Data science is a science and an art
Contents
1.4. Data science is a science and an art#
You are going to hear this phrase a lot this semester! While it’s tempting to think of data science as a rigid practice where there’s definitely one clear right answer amidst lots of wrong ones, alas, that’s not the case. Data science certainly involves a commitment to precision and scientific rigor, but in practice it also requires a lot of creativity, substantive expertise, judgement calls, and even old fashioned gut instincts.
Data science as a science#
It should not come as a surprise that data science is a science. That said, when people think of data science, they often focus on the “data” side of it over the “science” part. As we’ll see in the next chapter on thinking like a scientist, the science part of data science is crucial for making helpful, useful, and (hopefully) accurate inferences about the world.
For example, some especially scientific aspects of data science include that we need to:
Evaluate the merits of a testable hypothesis (based on a scientific theory) using empirical evidence that has been subjected to rigorous testing
Be precise about how we drew conclusions from our observations and how confident we are in those results, usually using statistics to express that confidence and precision
Build and evaluate huge datasets, including measuring variables of interest, collecting them with (often) computationally-heavy techniques (such as downloading lots of articles from news outlets or processing climate data from a government data hub), storing them efficiently, and preparing them for analysis.
Data science as an art#
As rigorous as we aim to be when we do data science, the real world – from which we collect all data – is messy, which means there’s no perfect dataset, there’s rarely one obvious “correct” type of analysis, and there are often many ways to translate results back into the complexities of reality. This means we need to think like artists when we do data science. For example, we need to:
Translate real-world phenomena, problems, and questions into data science problems (note: this is not straightforward and is often one of the hardest and most often overlooked parts of doing data science “in the wild”)
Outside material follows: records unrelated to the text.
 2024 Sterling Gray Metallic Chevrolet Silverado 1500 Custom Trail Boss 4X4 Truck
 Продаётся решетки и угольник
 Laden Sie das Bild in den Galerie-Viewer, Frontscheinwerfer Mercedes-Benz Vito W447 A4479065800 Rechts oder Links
Develop intuition using principles for “good” vs. “bad” data or models
Think creatively and simply when deciding what to measure, how to measure it, and how to use it in our analyses}
Misconceptions about data and science#
Listen in on a conversation about data and/or data science and you’re likely to hear things like, “What does the data say?” and, “The data speaks for itself.” We will be (much) more specific about this in coming chapters, but we want to highlight here that one goal of this book – if literally nothing else – is to rid the world of these two phrases, as well as the broader misconception that data is equivalent to “Truth.” Rather, data is information that humans have decided is worth collecting, have collected in a particular way using human-designed tools, and have decided to analyze according to our ideas about what might be most interesting or valuable. In short, data doesn’t say anything; humans say things about data.
Another misconception is that science is “correct” – in that, if it’s in a study it must be “right”, and that it’s sufficient to defend an argument by saying it’s “science”. As we will see in the next few chapters in particular, science is iterative, always tentative, and necessarily incomplete. In fact, it’s our humility about our results and the limitations of our research – and our willingness to say we are wrong; nay, seek out why we are wrong – that makes science so powerful.
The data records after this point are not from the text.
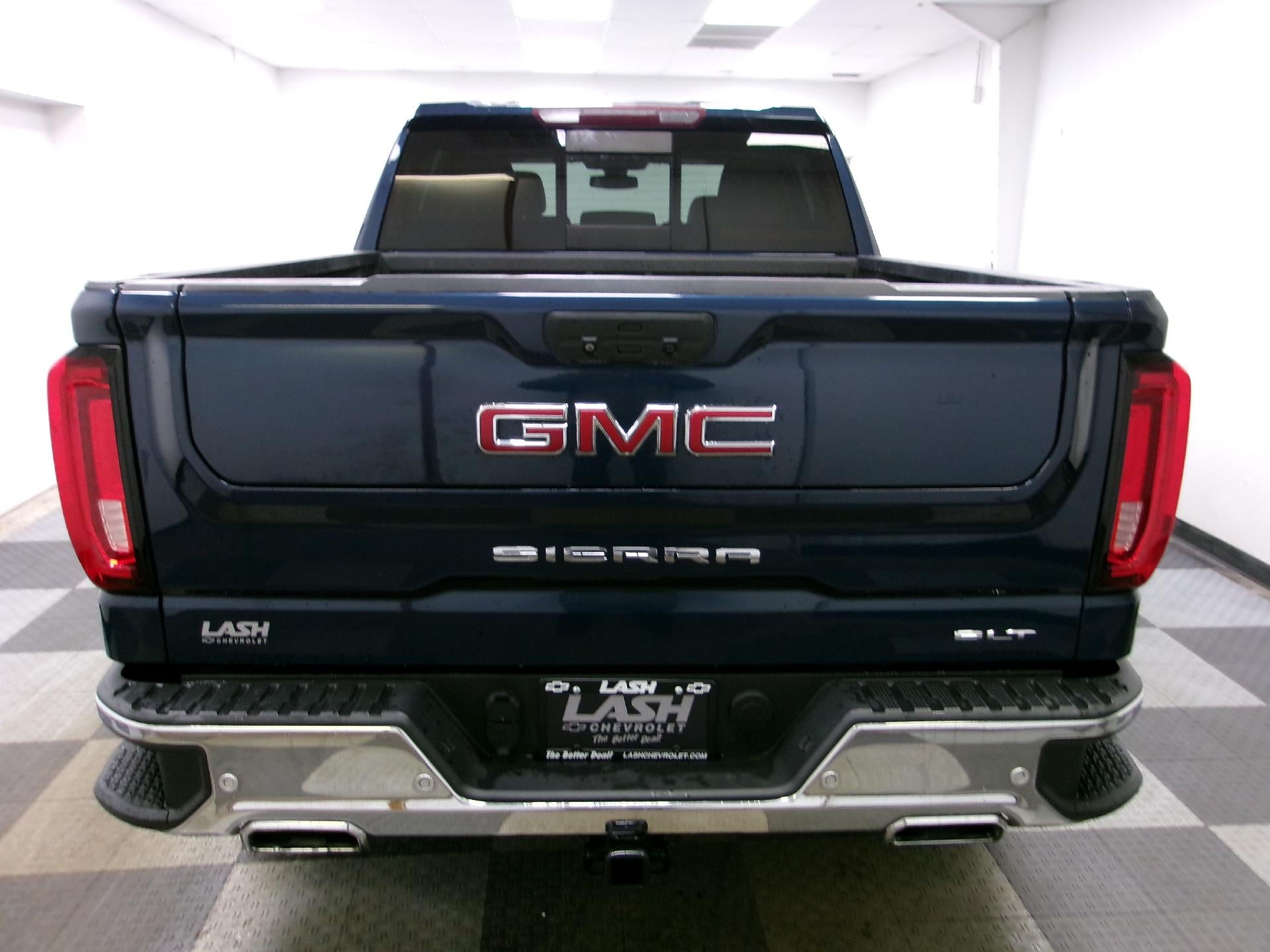 2019 GMC Sierra 1500 Crew Cab Short Box 4-Wheel Drive SLT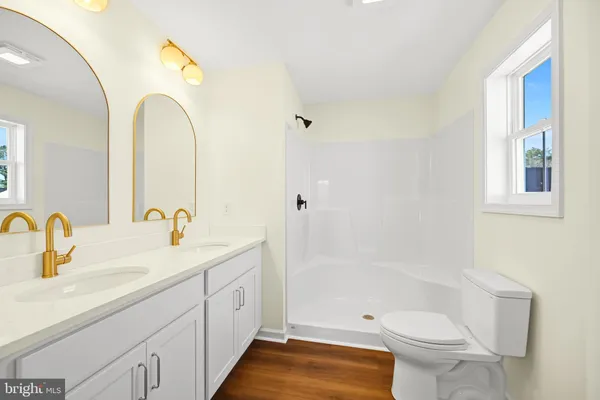 $379,900 | 129 Holly Hill Court, Fruitland, MD 21826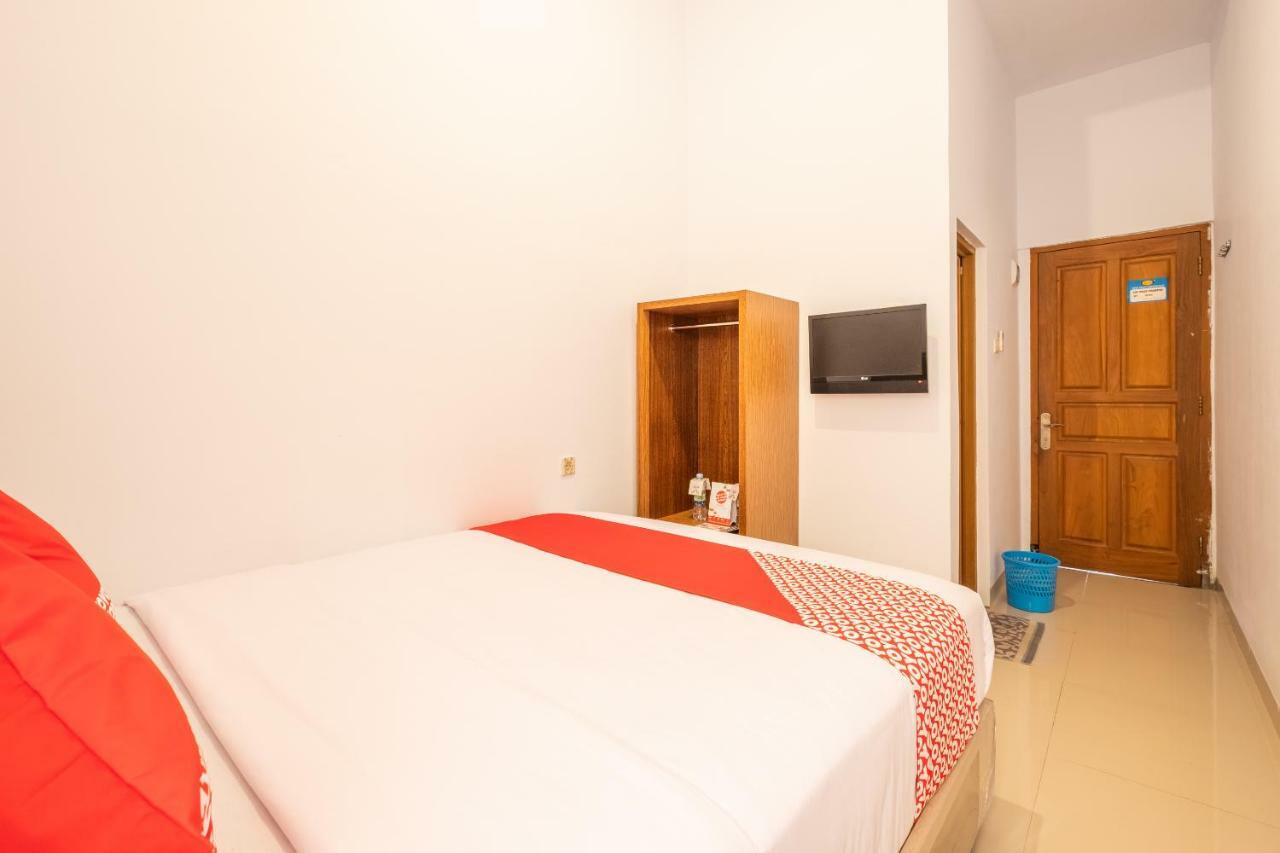 Oyo 863 Tenacity Guest House Syariah Cirebon Kültér fotó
None of this, however, is license to ignore data or research simply because you disagree with the conclusions. Rather, we acknowledge the limitations of data and the tentativeness of science in order to strengthen both. Science is a process to which a community of practitioners adheres, and one in which we are transparent about the steps we have taken in our analysis and are the first to acknowledge its shortcomings. If you think a study is problematic, it’s not enough to say it’s “wrong” or “biased” on its own. You must be able to clarify what the study is missing or doing poorly and how these missteps are influencing the results. From there, we can to do more and better studies going forward.
Let us be clear: data, science, and data science are incredibly powerful and can absolutely help us better understand the underlying reality out there. But the absolute best and most reliable way to do this is to approach our work with humility about our limitations. That said, we also recommend a dash of fearlessness and willingness to roll up your sleeves and give it a try, which you’ll have plenty of opportunities to do as we go.
If, as you near the end of this book and are exploring a dataset of your choosing on your own, and you feel like you are not sure what the “right” next move is, or which analyses to carry out, or what conclusions to draw – but you have ideas about what might work, are curious and brave enough to try it, and humble enough to seek feedback and update accordingly – then you’re absolutely on the right track.
Conclusion#
Data science is a popular field – and rightly so, as it’s powerful, exciting, and potentially (and in many cases already) transformative. But there are a lot of misconceptions about what data science is, who can be a data scientist, and what data science can do. Throughout this book, we will elaborate on the themes introduced in this chapter: data science is an interdisciplinary field that requires a lot more than just programming; it’s a science and an art; and everyone can (and should!) participate in data science.